Quoting a banker PTI said, the first set of six troubled accounts, worth more than Rupees 1.6 Lakh Crore, are Bhushan Steel responsible for 44,478 crore rupees Non-performing asset, NPA, of banks, Bhusan Power and Steel for 37,248 crore rupees, Essar Steel has a loan of 37,284 crore rupees which has not been returned yet, Alok Industries' 22,075 crore rupees debt, Amtek Auto loan of 14,074 crore and Monnet Ispat's 12,115 crore rupees debt have been declared as bad loan.

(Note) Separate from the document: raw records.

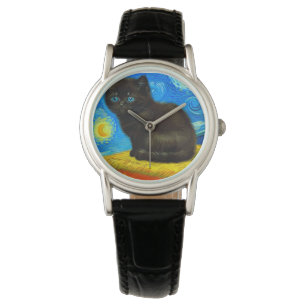 Van Gogh Stil Starry Night Cat Armbandsur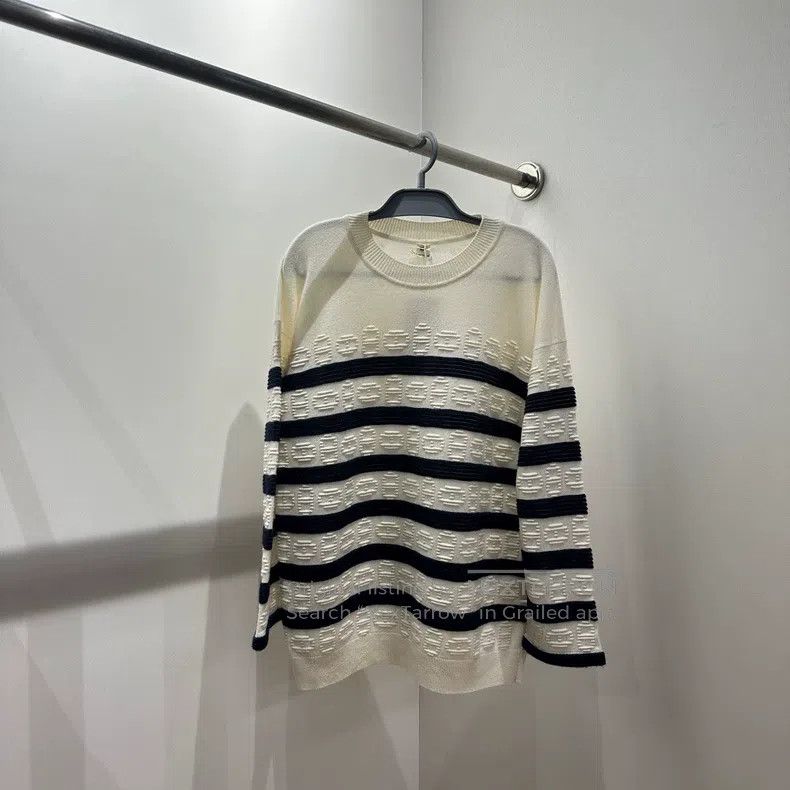 Hermes Hermes Striped Logo Cashmere Long Sleeve Knit Size XS / US 0-2 / IT 36-38 - 1 Thumbnail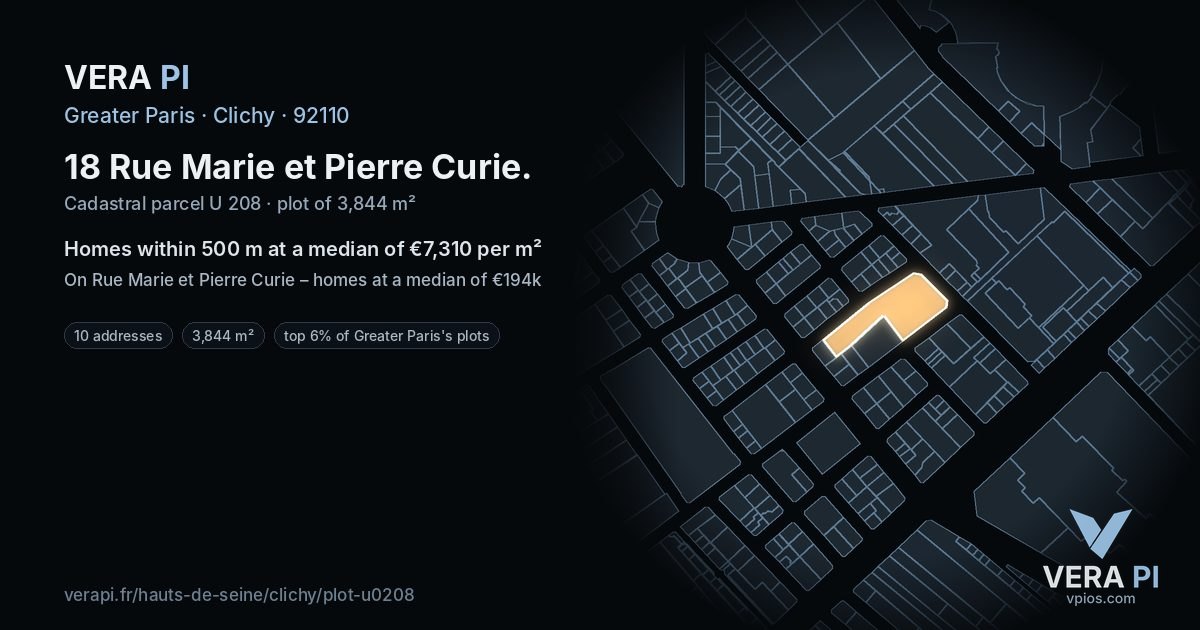 18 Rue Marie et Pierre Curie, Clichy at night – the plot lit, the parcels around coloured by the prices near them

Last week, the RBI's internal advisory committee had sent the list of 12 accounts to bankers for immediate reference under the Insolvency and Bankruptcy Code.The agency reports that Lanco Infra having 44,365 crore rupees loan, Electrosteel Steels responsible for 10,274 crore rupees bad loan, Era Infra with 10,065 crore, Jypaee Infratech, 9,635 crore rupees, ABG Shipyard



6,953 crore rupees and Jyoti Structures with a defaulted loan of 5,165 crore are the other accounts named for bankruptcy action.

The news agency said, out of these 12 accounts six are led by SBI. Other accounts are linked with PNB, ICICI Bank, Union Bank, IDBI Bank and Corporation Bank. Total NPAs of the banking system stand at over eight trillion rupees of which six trillion rupees are with public sector banks. 
Since these are large accounts and involve multiple banks, the lenders will try to take a common view on all administrative requirements before referring these accounts to the NCLT. Once a case is referred to the NCLT, there is a time line of 180 days to decide on a resolution plan. An additional 90 days can also be given. If a plan is not decided, then the company will go into liquidation.

According to RBI, 12 accounts owe Rs 2.5 trillion to the system, which constitute around 25 per cent of gross bad loans. Last month, the government had cleared an ordinance to amend the Banking Regulation Act, giving the RBI more powers to direct banks to resolve bad loans.